======== PROVIDED DATA

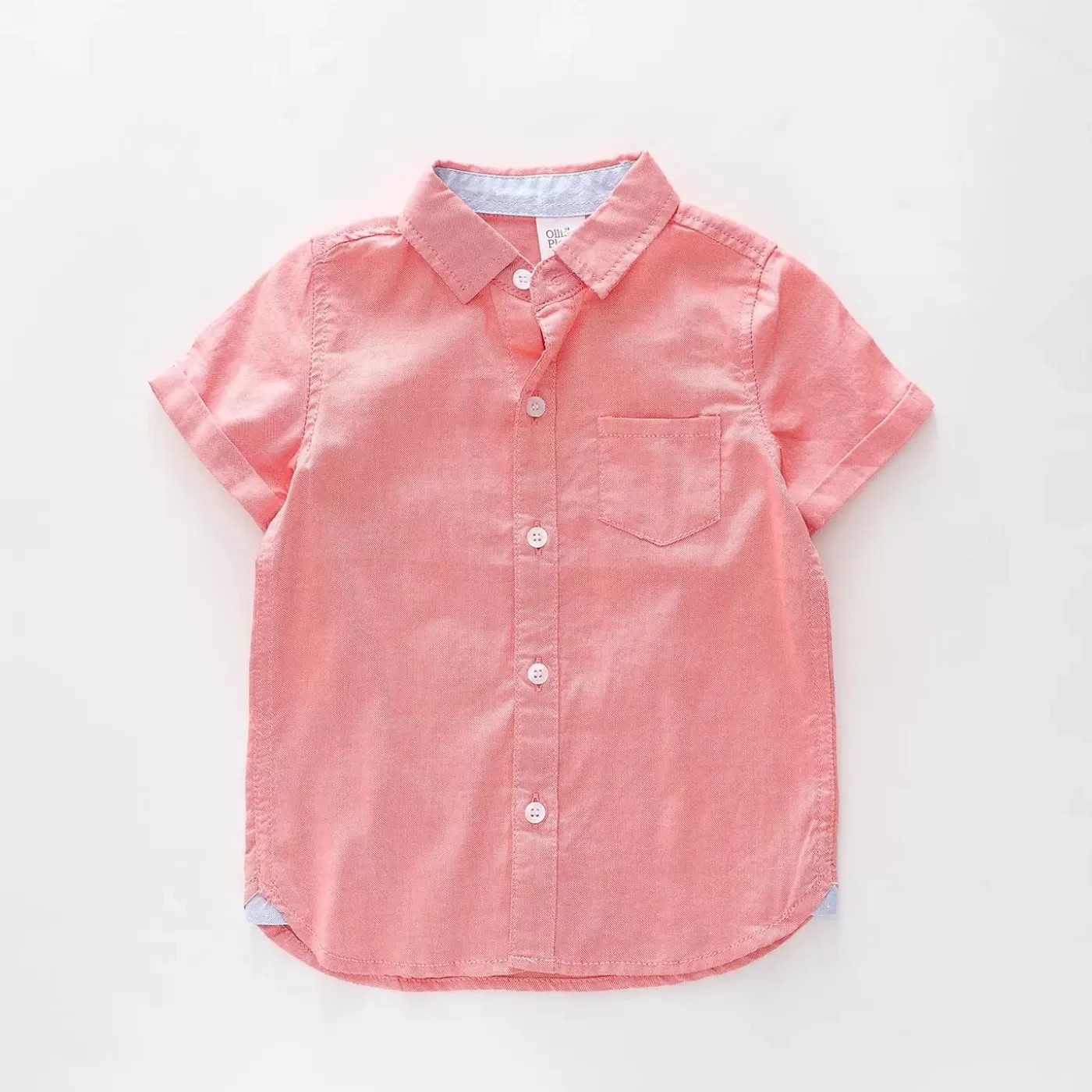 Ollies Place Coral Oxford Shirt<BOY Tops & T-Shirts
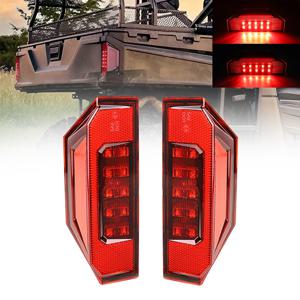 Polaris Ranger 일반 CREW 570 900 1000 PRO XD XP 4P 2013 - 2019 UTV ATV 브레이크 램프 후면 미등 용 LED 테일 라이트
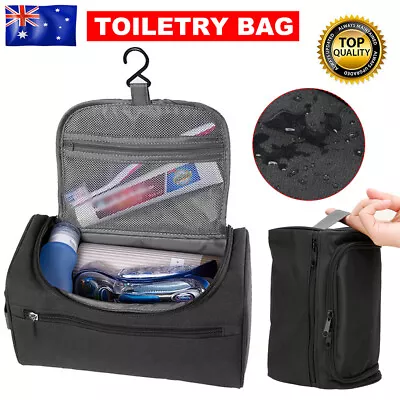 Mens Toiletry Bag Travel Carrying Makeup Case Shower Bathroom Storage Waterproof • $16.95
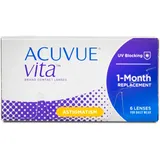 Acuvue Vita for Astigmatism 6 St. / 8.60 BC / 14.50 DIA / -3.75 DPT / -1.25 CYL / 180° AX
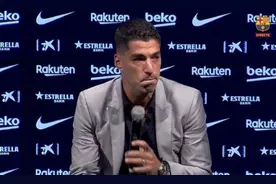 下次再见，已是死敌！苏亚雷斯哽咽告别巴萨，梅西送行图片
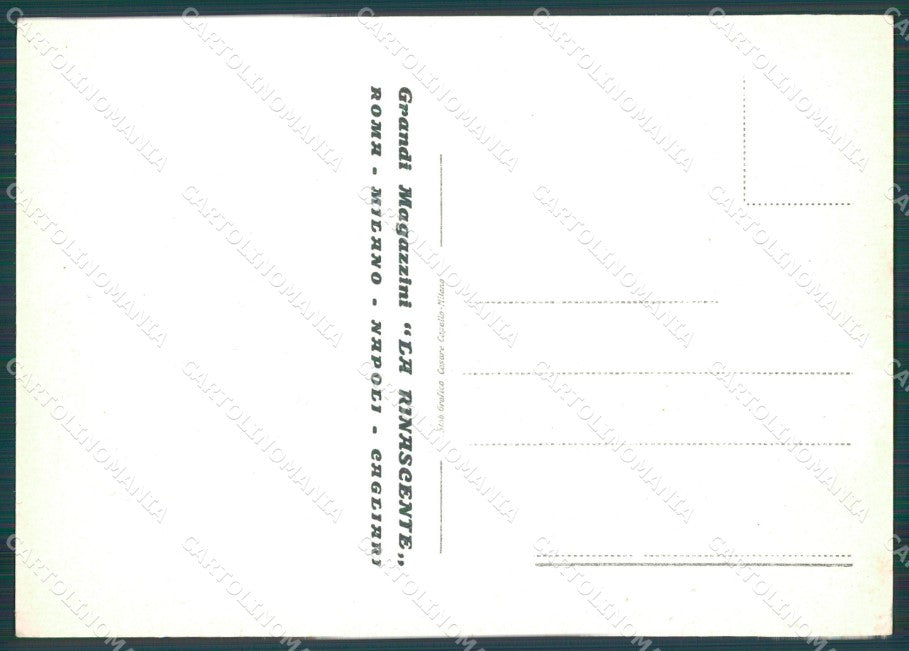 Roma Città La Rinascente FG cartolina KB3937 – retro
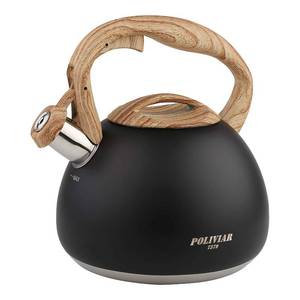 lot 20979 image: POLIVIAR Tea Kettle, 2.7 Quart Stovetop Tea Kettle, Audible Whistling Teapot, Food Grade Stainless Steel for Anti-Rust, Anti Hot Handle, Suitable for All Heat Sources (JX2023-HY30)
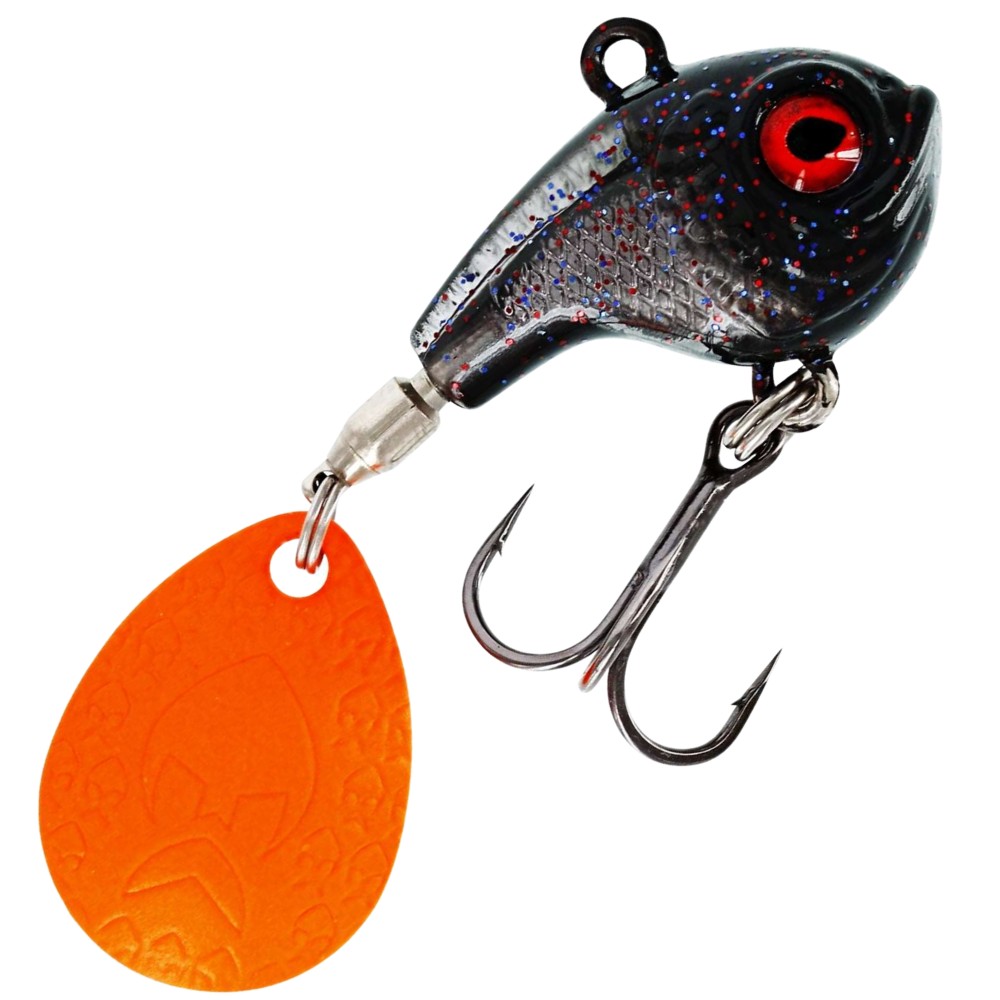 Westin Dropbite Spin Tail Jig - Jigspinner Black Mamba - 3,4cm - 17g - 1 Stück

================

§ REQUIRED ACTION
From the line that contains "Roma Città La" down to the last line of the entries above, copy every line exactly and leave out the pictures.

§ ANSWER SPACE
 Roma Città La Rinascente FG cartolina KB3937 – retro
 lot 20979 image: POLIVIAR Tea Kettle, 2.7 Quart Stovetop Tea Kettle, Audible Whistling Teapot, Food Grade Stainless Steel for Anti-Rust, Anti Hot Handle, Suitable for All Heat Sources (JX2023-HY30)
 Westin Dropbite Spin Tail Jig - Jigspinner Black Mamba - 3,4cm - 17g - 1 Stück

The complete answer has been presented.